Sure, that may not sound like an incredible amount of money, but what if we increased the share of college educated individuals in the Twin Cities area by 5 percent? Or, as Growth and Justice has suggested, 25 percent over the next 10 years?

That's a lot of money.

Moreover, for Minnesotan businesses, more money means more disposable income, which, at least theoretically, means more discretionary spending on goods and services to fuel the local economy. The extent of the local economic impact, of course, assumes that wages can rise faster than inflation, and that the beneficiaries of higher wages spend their money in Minnesota... or even better, on Minnesota-made products.

Moretti's isn't the only model, and may even overestimate the increase in wages due to the external effects of post-secondary education density in the population. However, most researchers seem to agree that at the very least, a higher proportion of post-secondary degree attainment in the population still correlates with higher wages for those who have earned the degrees, a marked reduction in crime rates and the development of a workforce that is more suited to the skilled jobs of the 21st century-all of which benefit the state and local economy.6

It may be difficult to quantify the exact local economic benefit of higher education, but it doesn't take an economist to realize that when people make more money, they spend more money.
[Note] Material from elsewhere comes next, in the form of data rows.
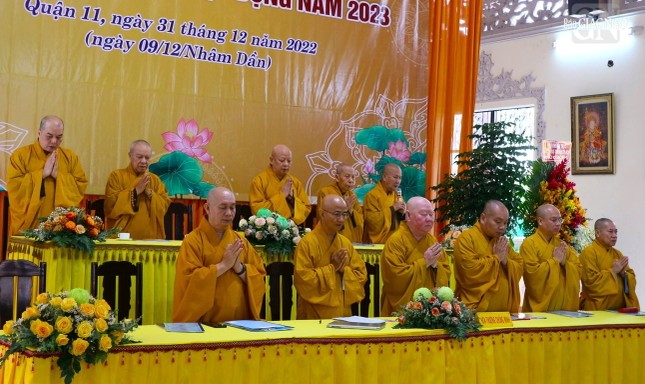 Chư tôn đức niệm Phật cầu gia hộ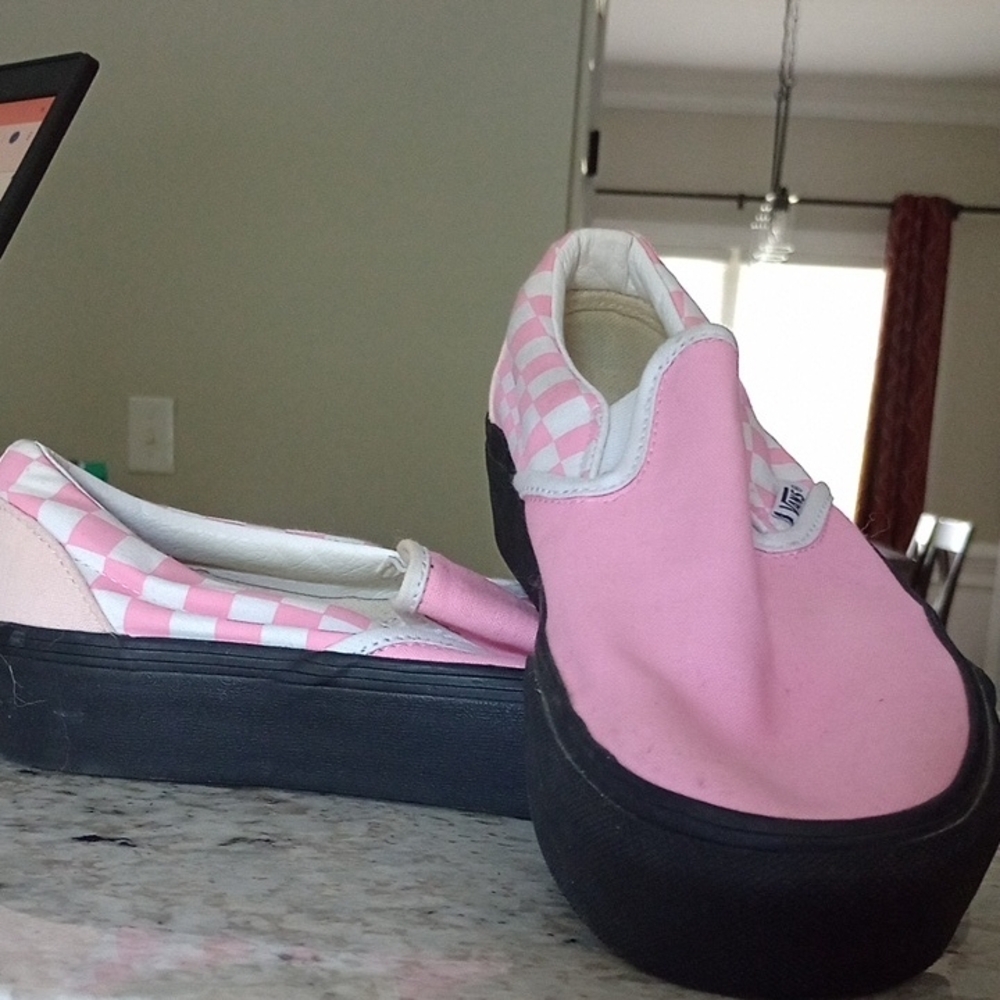 Vans Women's Pink And Checkered Platforms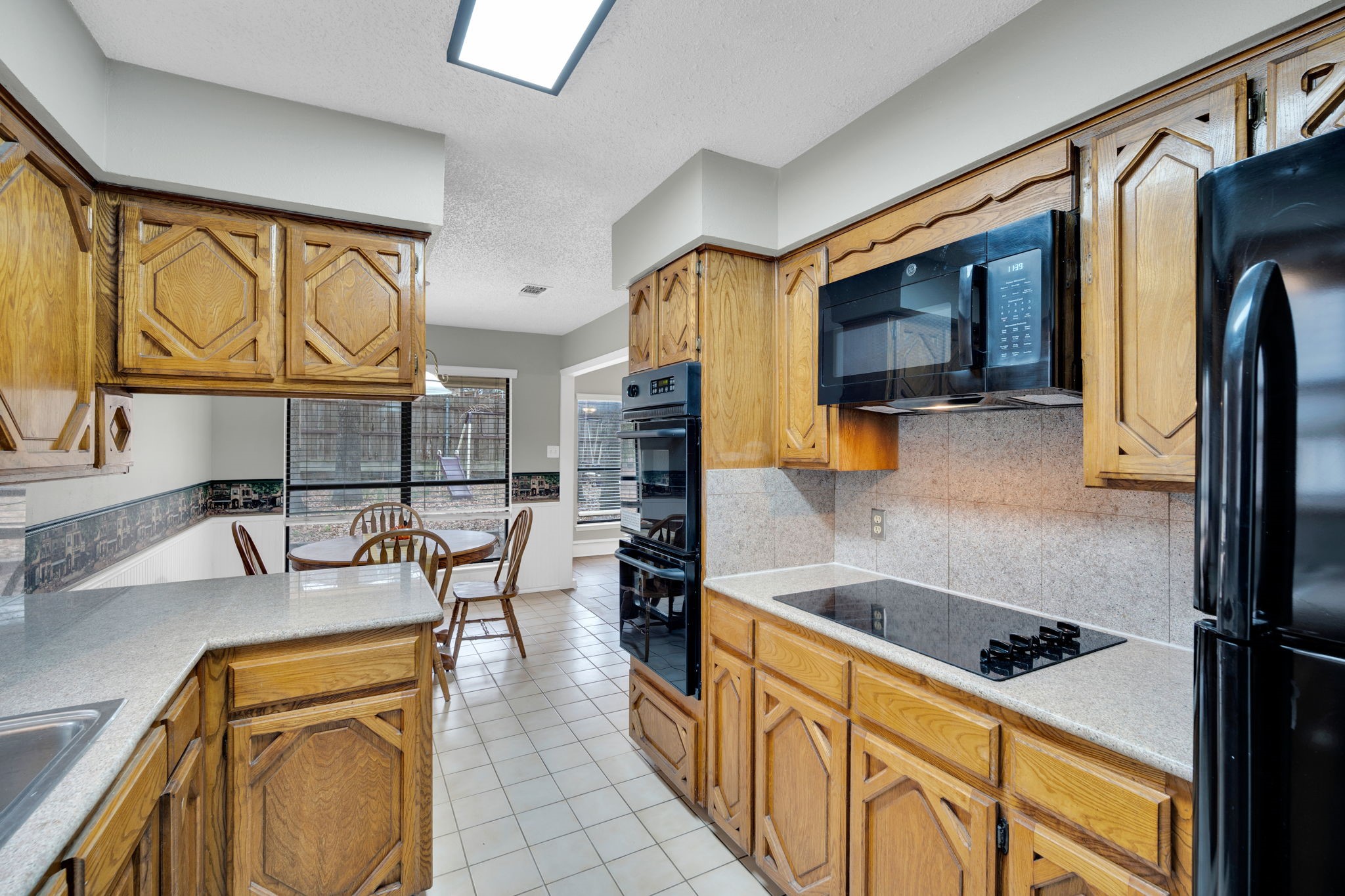 4515 Indian Oaks Trail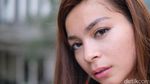 Olahraga Dulu Yuk Bareng Si Seksi Sandra Olga yang Lahir di Angkasa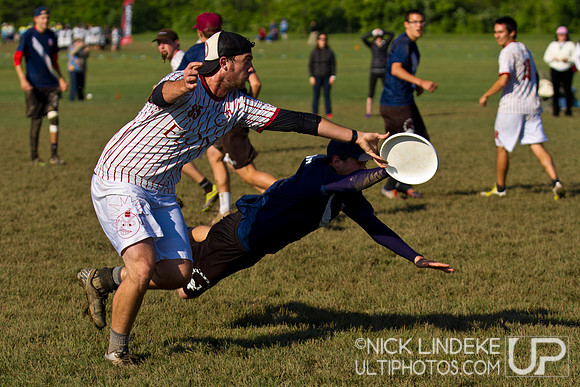 Sunday Action - D-III College Championships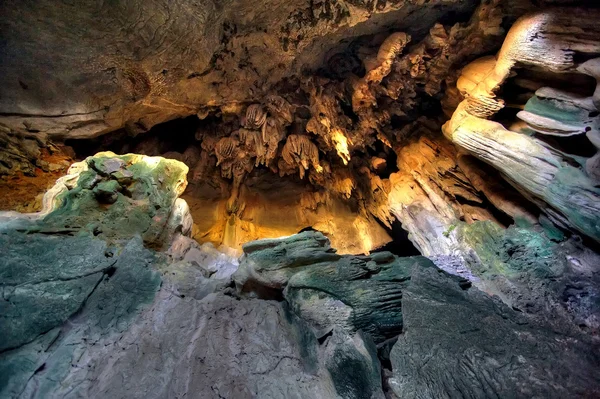 Vápencové jeskyně, laos — Stock fotografie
Spending money, in turn, supports local businesses, allowing them to hire more employees, creating more jobs.

In the end, as we think about ways to build up Minnesota's economy coming out of this economic downturn, we should think about the ways that post-secondary education provides social benefits. Ultimately, an investment in higher education is an investment in jobs and the economy, not a drain on public resources providing benefits only to the few.

1 Holzer, H. J. & Lerman, R. I. (2009). The Future of Middle-Skill Jobs. Washington D.C.: Brookings.

2  Lucas, R. E. (1988). On the Mechanics of Economic Development. Journal of Monetary Economics, 22, 3-42.

3 Krueger, A.B. & Lindahl, M., 1998. Education for Growth in Sweden and the World. Industrial Relation Section
Working Paper, Princeton.

4 Friedman, M. (1962). Capitalism and Freedom. Chicago: University of Chicago Press.; Dee, T. S. (2003). Are There Civic Returns to Education? NBER Working Paper No. 9588.

5 Moretti, E. (2004). Estimating the Social Return to Higher Education: Evidence from Longitudinal and Repeated Cross-Sectional Data. Journal of Econometrics, 121, 175-212.

6 Holzer & Lerman, 2009; Lange, F. & Topel, R. (2006). The Social Value of Education and Human Capital. Handbook f Economics and Education, 459-509.